**** Source data

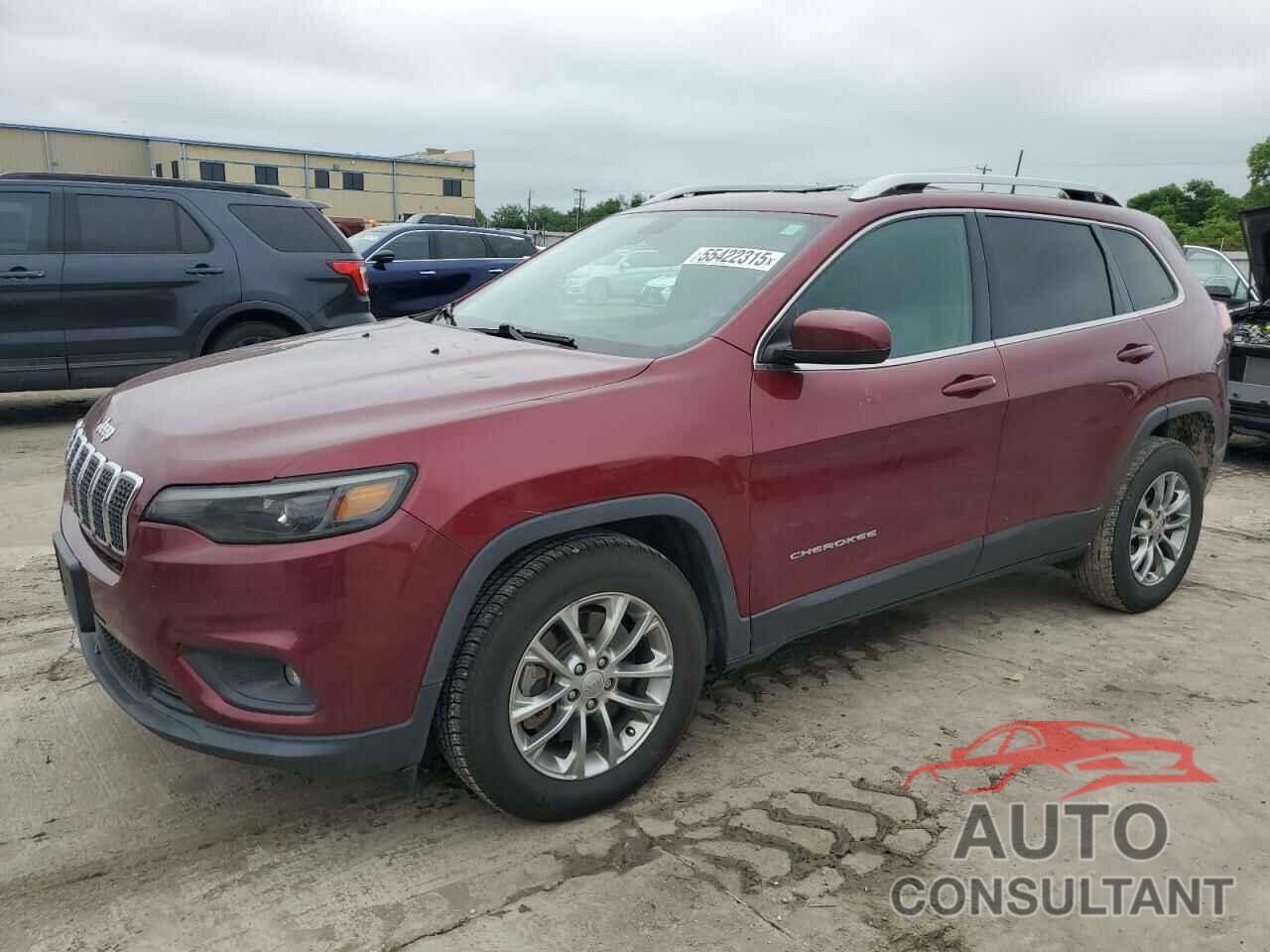 JEEP GRAND CHER 2019 - 1C4PJLLN3KD172295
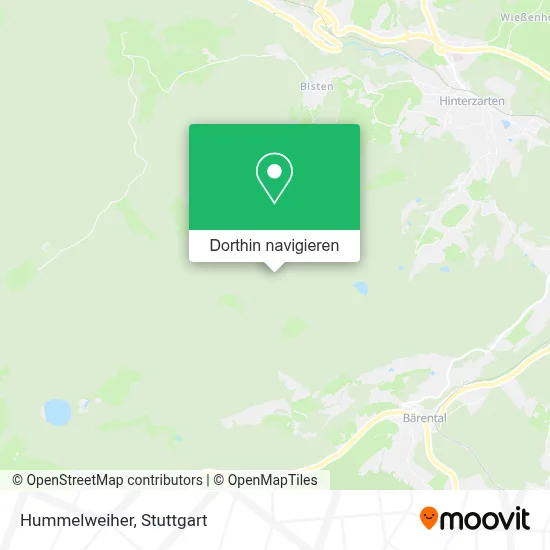 Hummelweiher Karte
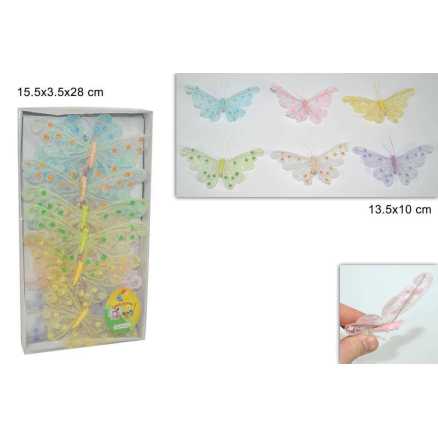 FARFALLA IN BOX 6COL.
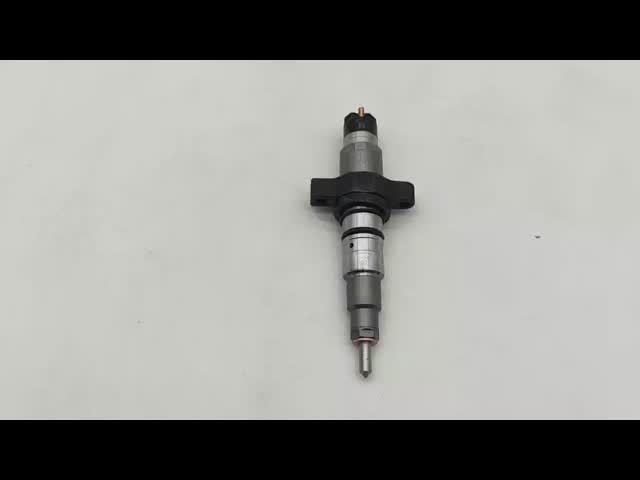 Diesel Fuel Injection Pump Parts 0445120007 Common Rail Fuel Injector Assy 4B 3.9L Engine Fuel Injector video
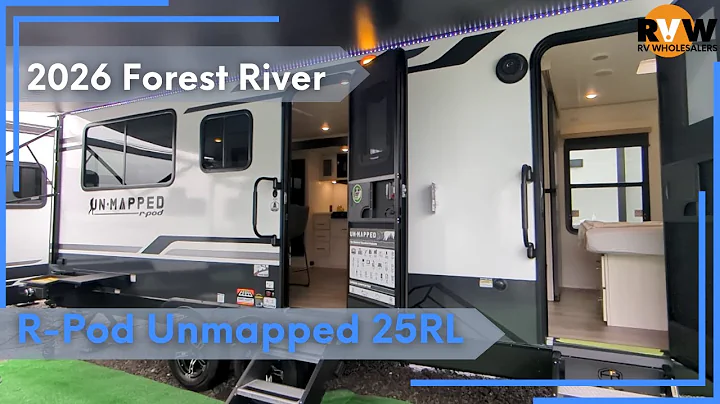 NEW Rear Living! 2026 R-Pod Unmapped 25RL Tour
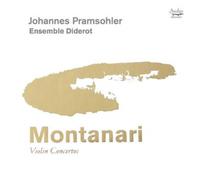 Antonio Montanari Montanari: Violin Concertos (CD) Album
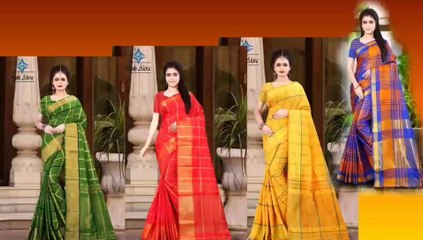 Attractive Cotton Silk Sarees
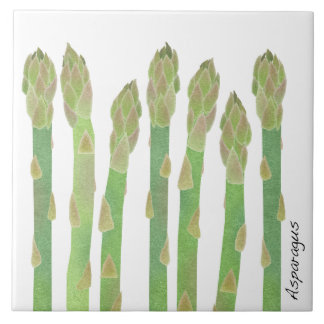 Azulejo do aspargo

********

**Task objective**
Please transcribe exactly the lines from the one containing "NEW Rear Living!" through the final line of the data, including both, and nothing else. Pictures are to be left out.

**Solution for this exercise**
 NEW Rear Living! 2026 R-Pod Unmapped 25RL Tour
 Antonio Montanari Montanari: Violin Concertos (CD) Album
 Attractive Cotton Silk Sarees
 Azulejo do aspargo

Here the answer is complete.